Дело не только в том, что в городе женщины много доступнее, соблазнительнее и опаснее и составляют как будто скрытое электричество бегущей по вечернему проспекту толпы. В самой природе города — в его разящих контрастах внешней, показной стороны с внутренней беспочвенностью, с бездушной механичностью мимики, в мистической тоске, которую город внушает своим поддельным богатством, блеском, великолепием, в том, что само лицо города, столь живое и яркое в первоначальном восприятии, в конечном счете всегда оказывается ненастоящим, вводя нас в потерю лица, чести, шинели, носа, рассудка и самой материи, — есть что-то от женской прелести. Поэтому Невский проспект как место демонстрации респектабельного фасада, как олицетворенная внешность и видимость столицы отождествляется у Гоголя с женщиной и проникается ее мерцающей тайной, колоритом и ароматом. В городе все мы немного ночные птицы, летучие мыши, и живем, как во сне, опьяненные дурманом и мельканием киноэкрана, подставленного вместо действительности. В городе все мы повержены в созерцательную прострацию, в безутешное томление духа по красоте, однако созерцаем лишь бездну под блестящим покровом, лишь женщину — изваяние человеческой эфемерности…

Но не слушайте Гоголя, когда он нарочито бубнит, будто весь этот бред, этот камень, ставший прозрачной завесой, вся эта предательская, злорадная атмосфера вечернего Невского ему чужды и противны. В уличной мути он ловит рыбу и, будучи фантазером и фокусником по натуре, сам зажигает над городом волшебные фонари — заодно с чортом. Гоголь находит множество уловок ради того, чтобы раздразнить и насытить свою исходную страсть к недозволенному занятию магией. Пускай обман и подвох, пусть чорт знает что — лишь бы ему, по примеру ветхих алхимиков, шарлатанов и чародеев, ставить свои искусительные опыты над природой.

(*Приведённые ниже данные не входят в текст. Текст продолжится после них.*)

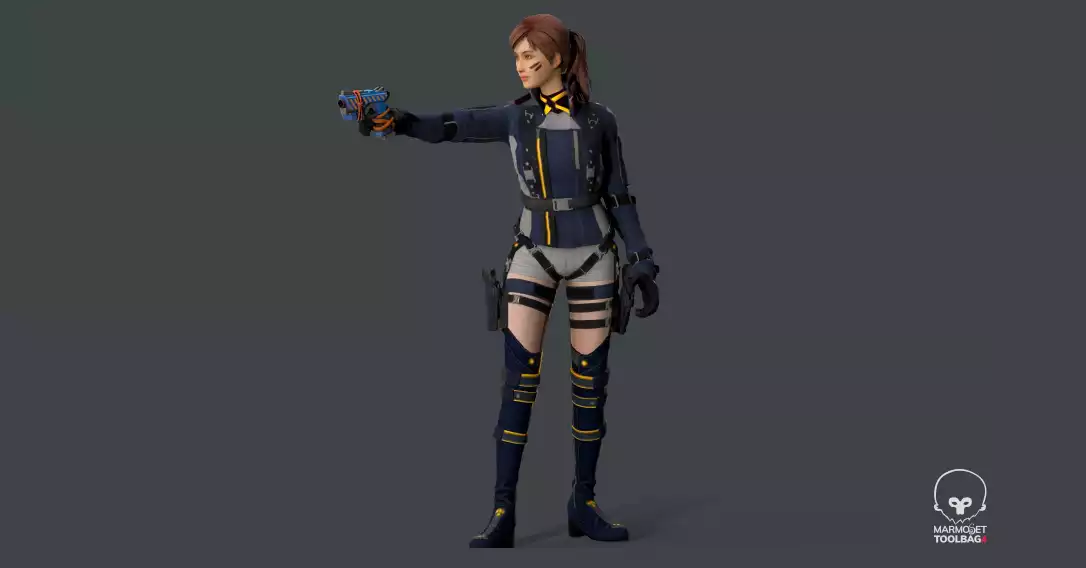 Lucy Warrior Character (PBR)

Оттого-то у Гоголя, по пятам колдунов, в качестве штатной челяди его писательского дара, следуют профессиональные фантазеры всевозможных статей и оттенков — от Пискарева до Хлестакова, от Поприщина до Чичикова. Даже самые, казалось бы, заскорузлые натуры, не склонные к фантасмагориям, вроде Собакевича, Плюшкина, Башмачкина, Ивана Ивановича с Иваном Никифоровичем, предаются разнузданной игре воображения и в сплющенном мозгу проектируют химеры и небылицы о мире, о себе и о ближних своих. Гоголевские герои подпадают волнениям фантазии целыми косяками, городами, губерниями. Сюда же потоком вливаются скоморохи и сказочники, игроки и шулера, сплетники, обманщики и пострадавшие от обманов. Всё это в широком значении — фантазеры, то есть неудачные и неуемные кандидаты в чудотворцы, идущие развернутым фронтом — во главе с самим Гоголем…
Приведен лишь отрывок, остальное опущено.